Spatial data make an enormous contribution to our understanding of the world. They allow us to monitor life expectancy and the spread of disease within a country, the distribution of employment and wealth across a continent, and the condition and use of land in a conservation area. They help us to understand from where people watched the recent eclipse, which roads are the most dangerous, and what areas of a city are the least polluted and have the lowest crime rates.
Recently, an enormous effort has been put into producing tools for visualising spatial data and it is easy to find a vast number of examples. However, these mainly concentrate on colouring geographical regions according to the average value of a variable to produce a choropleth type map, or adding a scatter plot of (x,y) data to an area.1-4 Sometimes, more sophisticated visualisations are associated with geographical regions, but these may be time-consuming or require a dedicated team to produce.
The ggplot22 package is a plotting system for R, based on the book The Grammar of Graphics.5 It is now the graphics tool of choice for many people, including journalists, because it allows a wide range of graphs to be produced and fine-tuned in a reproducible way. One of its key features is “faceting”, which automates the generation of similar plots for subsets of the data. Recently, Ryan Hafen contributed an R package called geofacet that “provides geofaceting functionality for ggplot2” and which “arranges a sequence of plots of data for different geographical entities into a grid that strives to preserve some of the original geographical orientation of the entities”.6 Hafen illustrates the use of his package for the states of the USA, the countries of the EU and several other geographical regions by producing bar plots and time series visualisations. In principle, it is easy to create grids for different countries and regions, and users are encouraged to submit these through github.
The aim of this short article is to provide a further illustration of the use of the geofacet package by displaying population data from the 20 regions of Italy using a grid that we have produced. We believe that Hafen’s geofacet package makes a powerful, but simple-to-use contribution to visualising spatial data, and we hope that this contribution will encourage the production of grids for other geographical regions.
Italy has 20 regions and these are shown in Figure 1. The shape of the country and the positioning of its districts make the construction of a suitable facet grid difficult.
FIGURE 1 The 20 regions of Italy (source).
All the population data that we now present were extracted from the Italian National Institute of Statistics, ISTAT. Figure 2 shows the population of the 20 regions from 1992 to 2017. We can see from Figure 2 that there is a vast difference in population sizes between regions. Lombardy (LOM), for example, is a highly populated region, while Valle d’Aosta (VAL) is a sparsely inhabited, small, mountainous area. Figure 2 allows us to see the main difference in the population sizes of the Italian regions, but much of the detail of the variation is lost because the same scale is used for each facet. Nevertheless, population increases are visible for some regions, such as the northern Lombardy (LOM), Veneto (VEN) and Emilia-Romagna (EMI) cluster.

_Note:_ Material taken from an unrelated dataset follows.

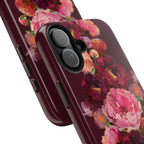 Francesca Phone Case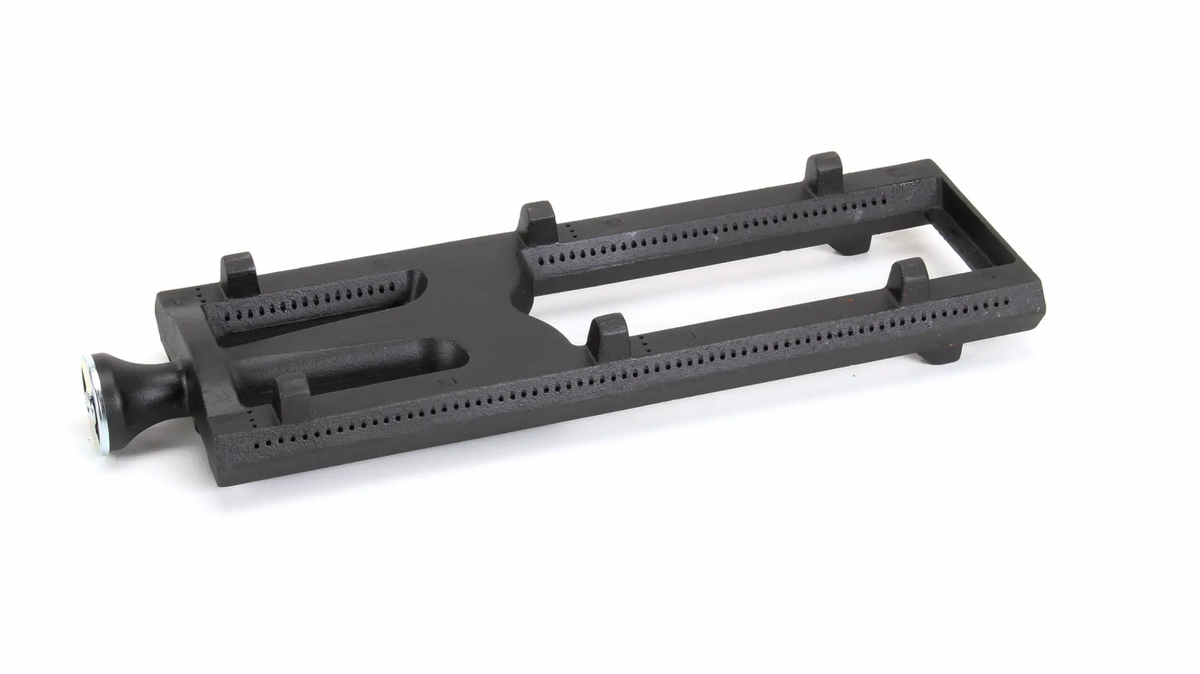 Royal Range 1410 Cast Iron Radiant Burner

FIGURE 2 The population of the 20 Italian regions from 1992 to 2017. Standard abbreviations are used for the region names.
Figure 3 shows the percentage population increase for the 20 regions using 1992 as the baseline. This simple data transformation allows the variation within each region to be seen more clearly as now population increases – rather than levels – are shown. We observe that there is a cluster of southern regions, comprising Molise (MOL), Basilicata (BAS) and Calabria (CAL), where the population has been declining. The percentage population increases for the island regions of Sicily (SIC) and Sardinia (SAR) are essentially zero, while northern regions including Trentino-Alto Adige (TRE), Lombardia (LOM), Veneto (VEN) and Emilia-Romagna (EMI) have seen strong population growth.

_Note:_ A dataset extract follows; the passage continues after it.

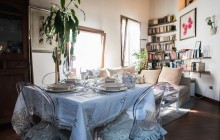Cesarine (Home Food Srl)904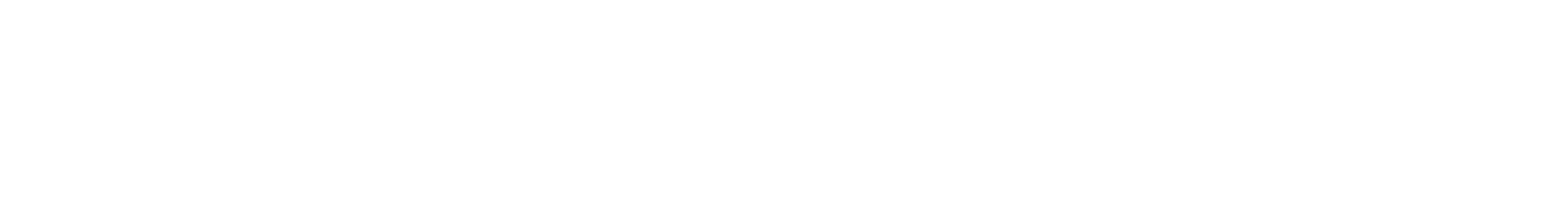 The Copy Times logo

FIGURE 3 The percentage population of the 20 Italian regions from 1992 to 2017.
Finally, Figure 4 shows the percentage of people in the population who are over 75 years (in red) or under 5 years (in blue). We see that in every region the percentage of people over 75 years has increased over time. The decline in the percentage of children under 5 years in some of the southern regions – Campania (CAM), Molise (MOL), Puglia (PUG), Basilicata (BAS) and Calabria (CAL) – and the islands of Sicily (SIC) and Sardinia (SAR) is evident. The reasons for this decline and the fact that Italy has one of the lowest birth rates in the world are complicated. They may be related to a reduction in economic prosperity and thus the employment prospects of younger people, together with the changing effects on fertility of women’s employment, with noticeable differences being present between northern and southern regions.7-10
FIGURE 4 The percentage of the population aged under 5 years or over 75 years for the 20 Italian regions from 1992 to 2017.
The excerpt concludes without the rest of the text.